1

Is it possible to scrape XPATH non-greedy-ly? I mean for example I have this HTML:

<div>
    <p>A</p>
    <p>B</p>
    <h2>Only until this node</h2>
    <p>I should not get this</p>
    <h2>Even though this node exists</h2>
</div>

I want an XPATH which only gets the paragraphs with A and B inside. The text inside the nearest h2 node is always changing, so I need non-greedy XPATH if it is possible. Is it possible? And how?

Aminah Nuraini
  • 18,120
  • 8
  • 90
  • 108

3 Answers3

2

I assume <h2>Only until this node</h2> is dynamic, you can select first index of h2

//div/h2[1]/preceding-sibling::p

var htmlString = `
<body>
  <div>
    <p>A</p>
    <p>B</p>
    <h2>Only until this node</h2>
    <p>I should not get this</p>
    <h2>Even though this node exists</h2>
  </div>
  <div>
    <p>A1</p>
    <p>B2</p>
    <p>C3</p>
    <h2>Second Only until this node</h2>
    <p>I should not get this</p>
    <h2>Even though this node exists</h2>
  </div>
</body>`;

var doc = new DOMParser().parseFromString(htmlString, 'text/xml');
var iterator = doc.evaluate('//div/h2[1]/preceding-sibling::p', doc, null, XPathResult.UNORDERED_NODE_ITERATOR_TYPE, null);
var thisNode = iterator.iterateNext();
while (thisNode) {
  console.log(thisNode.outerHTML);
  thisNode = iterator.iterateNext();
}
ewwink
  • 18,382
  • 2
  • 44
  • 54
1

Try this xpath

//div/p[following::h2[contains(.,'Only until this node')]]

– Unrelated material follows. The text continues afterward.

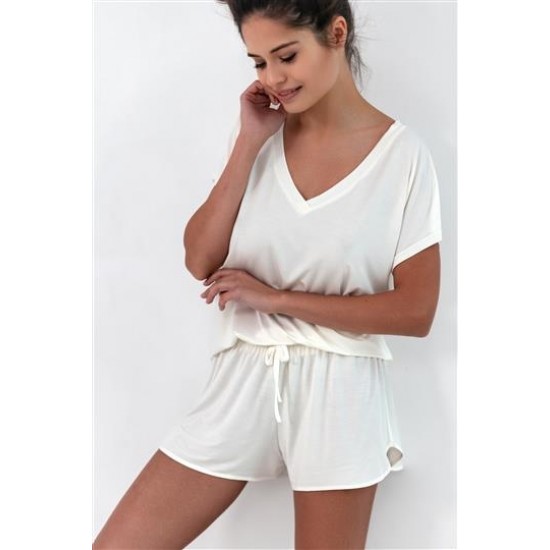 Дамска пижама с къс ръкав в цвят екрю April Дамска пижама с къс ръкав в цвят екрю April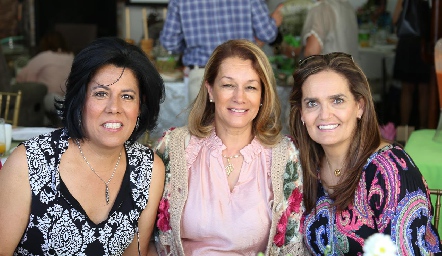 Angelita Ortiz, Patricia Pulido y Gaby Villanuena.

to get desired content out of the html elements until it hits the p element containing this text Only until this node.

Check out the example below:

from scrapy import Selector

htmldoc="""
<div>
    <p>A</p>
    <p>B</p>
    <p>C</p>
    <p>D</p>
    <h2>Only until this node</h2>
    <p>E</p>
    <p>F</p>
    <p>I should not get this</p>
    <h2>Even though this node exists</h2>
    <p>I should not even this</p>
</div>
"""
sel = Selector(text=htmldoc)
for item in sel.xpath("//div/p[following::h2[contains(.,'Only until this node')]]/text()").extract():
    print(item)

What it produces:

A
B
C
D
SIM
  • 21,997
  • 5
  • 37
  • 109
0

You can try the following XPath-1.0 expression:

/div/p[following-sibling::*[self::h2='Only until this node']]

It gets all p elements which have a h2 successor with the text() value "Only until this node".

zx485
  • 28,498
  • 28
  • 50
  • 59